• **WHAT TO DO**: Output the data below line for line, exactly, up to and including the line where "CODE22 Faded Wash Vest - SIZE 2XL" appears.

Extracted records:
======

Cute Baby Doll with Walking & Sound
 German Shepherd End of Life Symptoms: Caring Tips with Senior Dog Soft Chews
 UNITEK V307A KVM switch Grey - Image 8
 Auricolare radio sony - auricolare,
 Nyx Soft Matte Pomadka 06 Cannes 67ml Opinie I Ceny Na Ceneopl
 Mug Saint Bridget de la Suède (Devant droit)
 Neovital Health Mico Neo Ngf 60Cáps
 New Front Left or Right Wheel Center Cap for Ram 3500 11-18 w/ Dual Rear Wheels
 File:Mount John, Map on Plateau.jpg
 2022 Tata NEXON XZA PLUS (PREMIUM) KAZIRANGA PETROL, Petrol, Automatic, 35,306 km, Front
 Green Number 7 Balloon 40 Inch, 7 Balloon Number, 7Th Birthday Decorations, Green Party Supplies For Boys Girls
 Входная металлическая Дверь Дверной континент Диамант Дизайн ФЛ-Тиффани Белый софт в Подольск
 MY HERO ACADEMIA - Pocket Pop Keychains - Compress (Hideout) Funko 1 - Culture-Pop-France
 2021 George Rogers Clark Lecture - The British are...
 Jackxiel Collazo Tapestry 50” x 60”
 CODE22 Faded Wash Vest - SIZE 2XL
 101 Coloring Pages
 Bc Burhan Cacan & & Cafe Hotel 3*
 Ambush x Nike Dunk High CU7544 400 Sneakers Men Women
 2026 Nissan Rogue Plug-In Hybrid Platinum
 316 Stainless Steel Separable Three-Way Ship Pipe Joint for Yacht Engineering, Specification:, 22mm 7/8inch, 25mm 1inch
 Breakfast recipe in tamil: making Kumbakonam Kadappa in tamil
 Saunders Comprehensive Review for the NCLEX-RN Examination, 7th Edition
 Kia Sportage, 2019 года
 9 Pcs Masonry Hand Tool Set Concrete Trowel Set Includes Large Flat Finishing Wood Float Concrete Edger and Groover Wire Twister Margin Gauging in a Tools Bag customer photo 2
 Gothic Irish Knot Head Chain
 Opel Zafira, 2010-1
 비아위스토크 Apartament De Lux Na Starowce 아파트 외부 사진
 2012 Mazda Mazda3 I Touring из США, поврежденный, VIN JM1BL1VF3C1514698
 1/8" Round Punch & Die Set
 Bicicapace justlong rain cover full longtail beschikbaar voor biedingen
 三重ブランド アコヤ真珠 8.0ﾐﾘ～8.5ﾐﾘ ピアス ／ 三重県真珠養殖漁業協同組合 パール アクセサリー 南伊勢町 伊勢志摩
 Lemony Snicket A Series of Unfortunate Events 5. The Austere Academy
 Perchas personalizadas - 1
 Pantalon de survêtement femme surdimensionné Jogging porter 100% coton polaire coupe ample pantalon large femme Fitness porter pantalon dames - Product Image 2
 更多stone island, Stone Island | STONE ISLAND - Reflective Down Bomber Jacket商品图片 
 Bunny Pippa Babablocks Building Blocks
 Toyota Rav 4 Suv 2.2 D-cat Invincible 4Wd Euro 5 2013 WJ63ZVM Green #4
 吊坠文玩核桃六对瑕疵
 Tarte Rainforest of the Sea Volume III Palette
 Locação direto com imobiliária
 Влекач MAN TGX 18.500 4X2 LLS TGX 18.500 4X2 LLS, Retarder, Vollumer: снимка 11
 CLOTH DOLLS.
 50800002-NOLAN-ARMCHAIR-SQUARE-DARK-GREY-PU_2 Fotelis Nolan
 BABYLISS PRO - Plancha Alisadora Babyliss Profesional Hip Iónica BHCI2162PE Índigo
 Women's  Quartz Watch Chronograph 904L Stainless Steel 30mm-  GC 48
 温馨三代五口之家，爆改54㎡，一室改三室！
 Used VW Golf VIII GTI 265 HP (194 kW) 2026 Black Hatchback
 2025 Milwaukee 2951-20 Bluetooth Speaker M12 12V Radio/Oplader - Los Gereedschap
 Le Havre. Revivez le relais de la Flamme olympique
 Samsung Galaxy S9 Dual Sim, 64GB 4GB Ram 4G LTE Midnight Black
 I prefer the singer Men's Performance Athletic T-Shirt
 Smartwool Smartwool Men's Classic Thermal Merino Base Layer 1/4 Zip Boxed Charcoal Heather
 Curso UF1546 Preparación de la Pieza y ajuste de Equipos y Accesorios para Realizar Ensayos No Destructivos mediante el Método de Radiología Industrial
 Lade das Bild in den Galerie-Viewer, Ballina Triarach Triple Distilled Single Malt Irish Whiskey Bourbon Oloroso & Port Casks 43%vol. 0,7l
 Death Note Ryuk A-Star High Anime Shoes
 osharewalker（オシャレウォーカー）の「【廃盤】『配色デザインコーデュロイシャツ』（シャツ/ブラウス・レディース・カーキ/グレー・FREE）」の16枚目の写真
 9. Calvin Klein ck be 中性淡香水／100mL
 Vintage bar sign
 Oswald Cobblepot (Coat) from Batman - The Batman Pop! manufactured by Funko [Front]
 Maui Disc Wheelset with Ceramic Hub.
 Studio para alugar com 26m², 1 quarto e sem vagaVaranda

======

• **EXERCISE OUTPUT**:
Cute Baby Doll with Walking & Sound
 German Shepherd End of Life Symptoms: Caring Tips with Senior Dog Soft Chews
 UNITEK V307A KVM switch Grey - Image 8
 Auricolare radio sony - auricolare,
 Nyx Soft Matte Pomadka 06 Cannes 67ml Opinie I Ceny Na Ceneopl
 Mug Saint Bridget de la Suède (Devant droit)
 Neovital Health Mico Neo Ngf 60Cáps
 New Front Left or Right Wheel Center Cap for Ram 3500 11-18 w/ Dual Rear Wheels
 File:Mount John, Map on Plateau.jpg
 2022 Tata NEXON XZA PLUS (PREMIUM) KAZIRANGA PETROL, Petrol, Automatic, 35,306 km, Front
 Green Number 7 Balloon 40 Inch, 7 Balloon Number, 7Th Birthday Decorations, Green Party Supplies For Boys Girls
 Входная металлическая Дверь Дверной континент Диамант Дизайн ФЛ-Тиффани Белый софт в Подольск
 MY HERO ACADEMIA - Pocket Pop Keychains - Compress (Hideout) Funko 1 - Culture-Pop-France
 2021 George Rogers Clark Lecture - The British are...
 Jackxiel Collazo Tapestry 50” x 60”
 CODE22 Faded Wash Vest - SIZE 2XL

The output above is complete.